── Input material

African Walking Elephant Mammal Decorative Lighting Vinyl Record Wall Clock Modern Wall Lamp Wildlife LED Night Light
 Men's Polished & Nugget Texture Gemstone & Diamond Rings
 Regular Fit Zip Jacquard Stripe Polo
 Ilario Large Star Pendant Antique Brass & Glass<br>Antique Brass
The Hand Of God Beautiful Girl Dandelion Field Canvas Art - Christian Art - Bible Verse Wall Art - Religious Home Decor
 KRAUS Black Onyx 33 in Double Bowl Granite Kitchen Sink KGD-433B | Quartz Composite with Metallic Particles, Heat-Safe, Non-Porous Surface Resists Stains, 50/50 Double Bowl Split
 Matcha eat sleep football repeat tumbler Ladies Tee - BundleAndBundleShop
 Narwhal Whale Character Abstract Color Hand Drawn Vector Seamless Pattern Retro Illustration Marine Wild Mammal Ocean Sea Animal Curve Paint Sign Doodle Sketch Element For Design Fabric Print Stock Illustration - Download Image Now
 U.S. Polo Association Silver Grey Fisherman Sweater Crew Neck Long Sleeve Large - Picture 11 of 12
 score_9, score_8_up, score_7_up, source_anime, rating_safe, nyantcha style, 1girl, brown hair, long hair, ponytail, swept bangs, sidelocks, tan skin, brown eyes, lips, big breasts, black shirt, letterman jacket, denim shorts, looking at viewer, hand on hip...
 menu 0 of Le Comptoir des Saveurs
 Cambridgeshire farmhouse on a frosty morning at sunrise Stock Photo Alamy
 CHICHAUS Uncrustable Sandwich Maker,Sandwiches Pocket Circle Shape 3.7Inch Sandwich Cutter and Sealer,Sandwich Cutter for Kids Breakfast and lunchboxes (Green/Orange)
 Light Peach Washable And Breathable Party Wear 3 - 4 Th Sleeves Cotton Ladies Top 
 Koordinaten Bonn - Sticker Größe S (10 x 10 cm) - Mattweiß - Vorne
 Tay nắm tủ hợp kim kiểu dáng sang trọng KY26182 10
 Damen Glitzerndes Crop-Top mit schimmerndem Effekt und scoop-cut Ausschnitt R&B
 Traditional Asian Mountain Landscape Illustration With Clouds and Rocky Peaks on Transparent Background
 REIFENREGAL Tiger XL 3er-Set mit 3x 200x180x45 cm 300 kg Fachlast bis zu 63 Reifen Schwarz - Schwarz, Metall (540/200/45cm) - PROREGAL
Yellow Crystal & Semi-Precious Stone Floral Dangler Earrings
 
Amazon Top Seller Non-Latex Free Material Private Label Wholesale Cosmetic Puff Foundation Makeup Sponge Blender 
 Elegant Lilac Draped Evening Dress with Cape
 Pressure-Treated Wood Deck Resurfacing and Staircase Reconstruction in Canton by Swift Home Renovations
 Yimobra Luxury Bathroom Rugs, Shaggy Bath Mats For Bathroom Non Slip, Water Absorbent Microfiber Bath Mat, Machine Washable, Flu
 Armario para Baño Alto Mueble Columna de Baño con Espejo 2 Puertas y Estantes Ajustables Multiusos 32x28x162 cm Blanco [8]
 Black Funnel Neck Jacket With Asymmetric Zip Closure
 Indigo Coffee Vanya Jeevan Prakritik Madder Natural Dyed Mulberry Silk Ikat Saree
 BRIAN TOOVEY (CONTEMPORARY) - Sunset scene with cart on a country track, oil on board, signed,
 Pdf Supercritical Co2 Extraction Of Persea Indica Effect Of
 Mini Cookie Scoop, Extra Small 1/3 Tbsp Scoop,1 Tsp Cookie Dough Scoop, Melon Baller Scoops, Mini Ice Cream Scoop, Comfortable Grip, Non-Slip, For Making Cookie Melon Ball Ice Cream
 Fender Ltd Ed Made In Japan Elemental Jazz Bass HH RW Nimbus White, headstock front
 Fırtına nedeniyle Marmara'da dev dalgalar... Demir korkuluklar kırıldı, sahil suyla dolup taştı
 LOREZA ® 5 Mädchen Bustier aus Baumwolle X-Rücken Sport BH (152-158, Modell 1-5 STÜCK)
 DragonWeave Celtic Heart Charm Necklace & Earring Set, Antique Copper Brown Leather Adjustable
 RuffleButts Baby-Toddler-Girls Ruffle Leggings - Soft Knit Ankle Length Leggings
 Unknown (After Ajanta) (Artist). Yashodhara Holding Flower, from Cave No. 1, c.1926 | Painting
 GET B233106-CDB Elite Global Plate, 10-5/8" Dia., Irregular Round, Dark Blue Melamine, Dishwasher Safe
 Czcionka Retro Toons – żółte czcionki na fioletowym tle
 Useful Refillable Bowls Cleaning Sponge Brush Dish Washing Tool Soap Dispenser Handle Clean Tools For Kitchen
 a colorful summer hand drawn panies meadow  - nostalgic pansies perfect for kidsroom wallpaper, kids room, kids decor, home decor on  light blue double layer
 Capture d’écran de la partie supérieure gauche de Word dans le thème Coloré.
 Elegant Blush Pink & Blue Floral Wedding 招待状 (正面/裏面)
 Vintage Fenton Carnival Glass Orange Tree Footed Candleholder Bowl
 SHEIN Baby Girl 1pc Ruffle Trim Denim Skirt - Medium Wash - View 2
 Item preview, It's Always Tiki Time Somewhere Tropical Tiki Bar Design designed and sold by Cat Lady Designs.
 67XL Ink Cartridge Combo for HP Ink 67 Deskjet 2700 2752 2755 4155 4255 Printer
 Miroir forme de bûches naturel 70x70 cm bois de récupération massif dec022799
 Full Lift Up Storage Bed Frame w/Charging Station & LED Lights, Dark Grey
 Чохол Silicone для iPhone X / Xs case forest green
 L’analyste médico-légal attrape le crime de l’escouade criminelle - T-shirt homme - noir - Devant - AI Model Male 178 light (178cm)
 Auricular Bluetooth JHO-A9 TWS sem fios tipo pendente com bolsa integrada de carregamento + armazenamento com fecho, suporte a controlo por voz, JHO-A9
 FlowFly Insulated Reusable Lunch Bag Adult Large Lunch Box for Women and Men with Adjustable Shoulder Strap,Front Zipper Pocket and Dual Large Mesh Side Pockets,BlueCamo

────

Task objective » Every line of the data that includes the word "Design" should be copied.

Output of the exercise »
 Narwhal Whale Character Abstract Color Hand Drawn Vector Seamless Pattern Retro Illustration Marine Wild Mammal Ocean Sea Animal Curve Paint Sign Doodle Sketch Element For Design Fabric Print Stock Illustration - Download Image Now
 Item preview, It's Always Tiki Time Somewhere Tropical Tiki Bar Design designed and sold by Cat Lady Designs.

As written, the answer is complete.